Sai Baba

Sai Baba was indeed at Whitefield. And something was looking after us. We arrived on little tuk-tuks (auto rickshaws) at the gate of Whitefield where David simply walked in and asked for a family room for us. In half an hour we were lying on our ashram beds, recovering from an exhausting trip.

We soon found that ashram life was not for us – well certainly not for me. Though the energy and serenity that encompassed us was wonderful, you are forbidden to smoke! So daily after darshan (blessing) we used to nip over the road to Princes Café, which was far from princely, and drink wonderful Indian coffee and I could have a cigarette – several actually.

Our room had a laundry area with a massive marble slab on which I imagined I’d perch thinking I could puff on my illicit fag and blow the forbidden smoke out over the surrounding wall, onto the street, which was directly next to the window. I never seemed to be successful in this. The first afternoon, I stashed my fags on this slab so that when we woke from our afternoon nap, I could have a quick puff. When I went to get them, they had disappeared along with my lovely Union Jack lighter. Monkeys had stolen them. So I resorted to Princes instead.
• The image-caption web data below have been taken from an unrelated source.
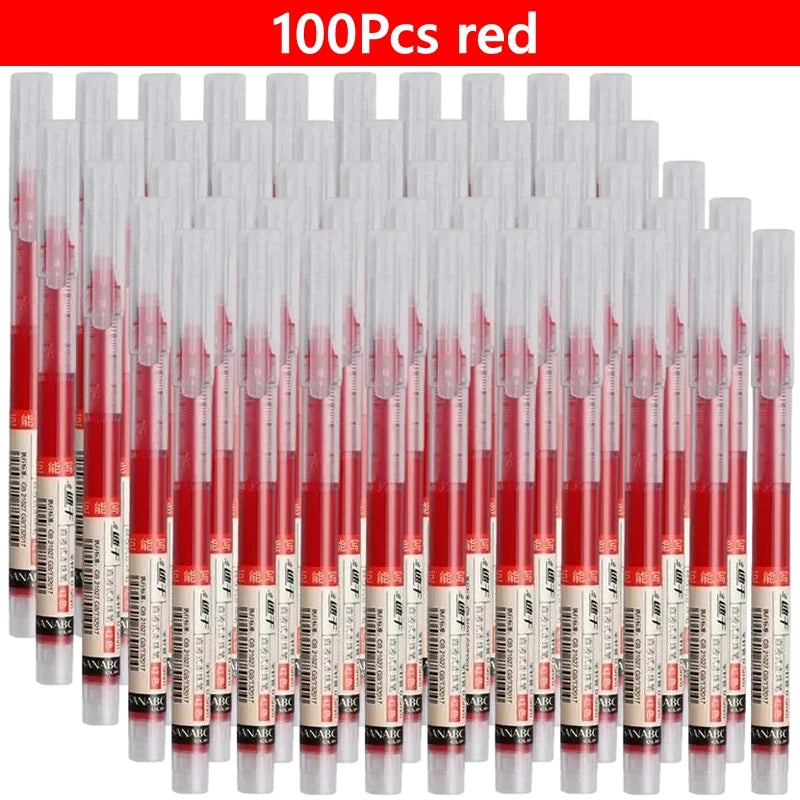 3/10/50/100PCS Color Gel Pens set,0.5mm Fine Tip Ballpoint Pen for Drawing Pens for Writing Office Accessories Back To School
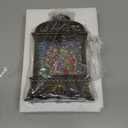 Christmas Snow Globes, Manger Snowflake Ball Adoration of The Magi Nativity Scene, Silent Night Music Water Lantern, Holiday Decorations Gifts for Family, Children or Friends (10.125'' Nativity)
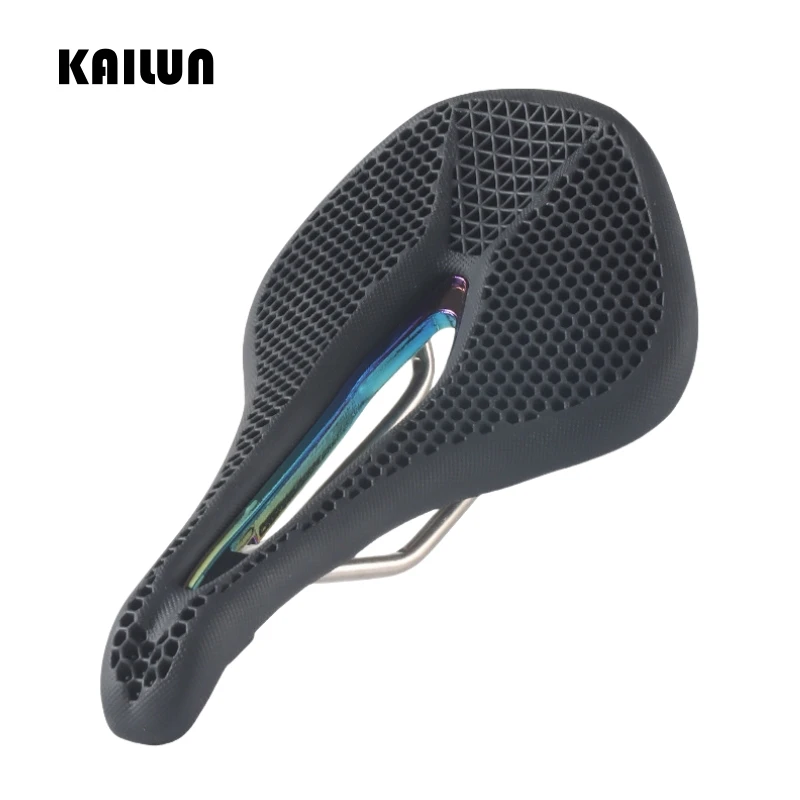

Soft comfortable breathable wear-resistant anti slip 3D honeycomb integrated bicycle saddle universal bicycle seat accessories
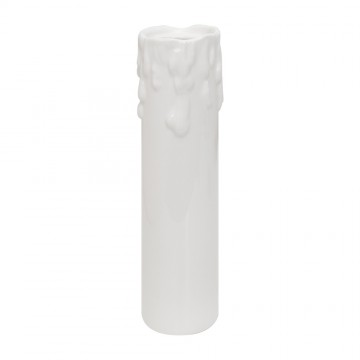 Fake Candle in Painted Ceramic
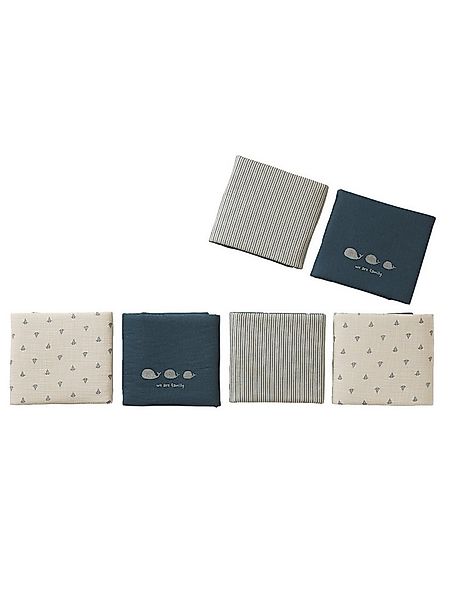 vertbaudet Bettumrandung Baby Bettumrandung/Laufgitter-Polster NAVY SEA günstig online kaufen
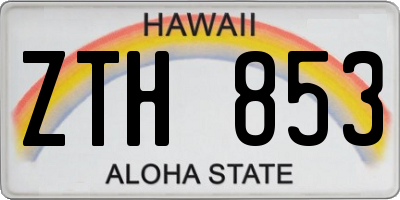 HI license plate ZTH853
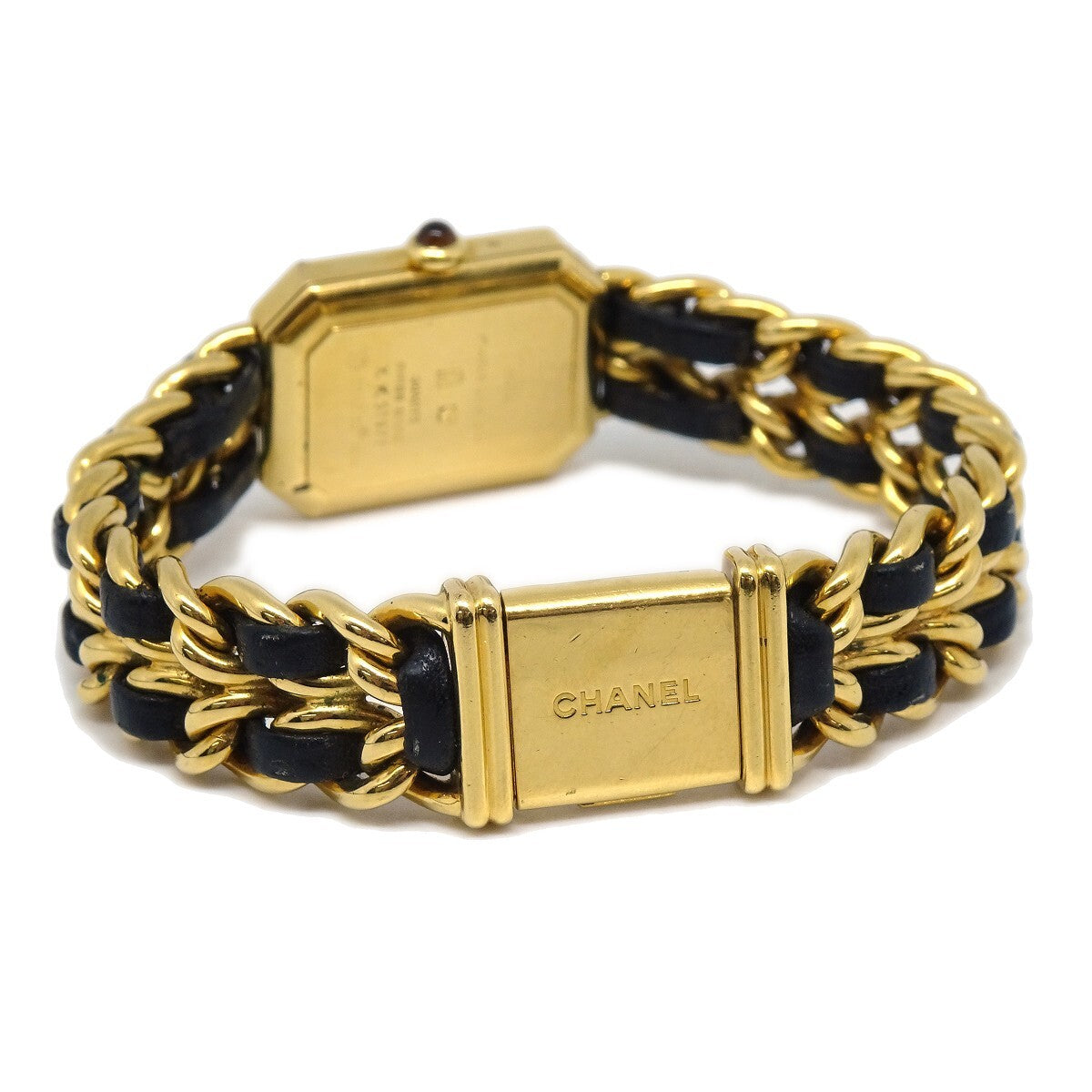 Chanel Premiere Rock Quartz Plated Metal And Leather Watch (Pre-Owned)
One night at two a.m, I suddenly felt a terrible urge to smoke. So I crept into the laundry and lit up. Suddenly a colossal honeybee swept in through a chink in the mosquito netting and buzzed erratically around the room. I cried out in surprise and the family came in to see what kind of Indian honeybee starts working at two in the morning.

On our last morning, having lost my lighter, I tried to light a cigarette with small, waxed paper Indian matches. One after another they went out. Eventually David helped me. We could hear Sai Baba’s voice on the loud speakers giving his morning talk. If you did not attend, you had to stay in your room. Eventually we had got to the last match, David struck it carefully and it ignited perfectly – but as he held it to my cigarette, the end simply dropped off and fell to the floor extinguishing itself.

Sai devotees had told us that Sai Baba controls his ashram and you stay or leave when he is ready. They were very surprised we had a room at all because Whitefield was full and people were staying in rooms in the village or coming in daily from lodgings in Bangalore. To be honest, we were so ignorant and naïve that not getting a room had never occurred to us.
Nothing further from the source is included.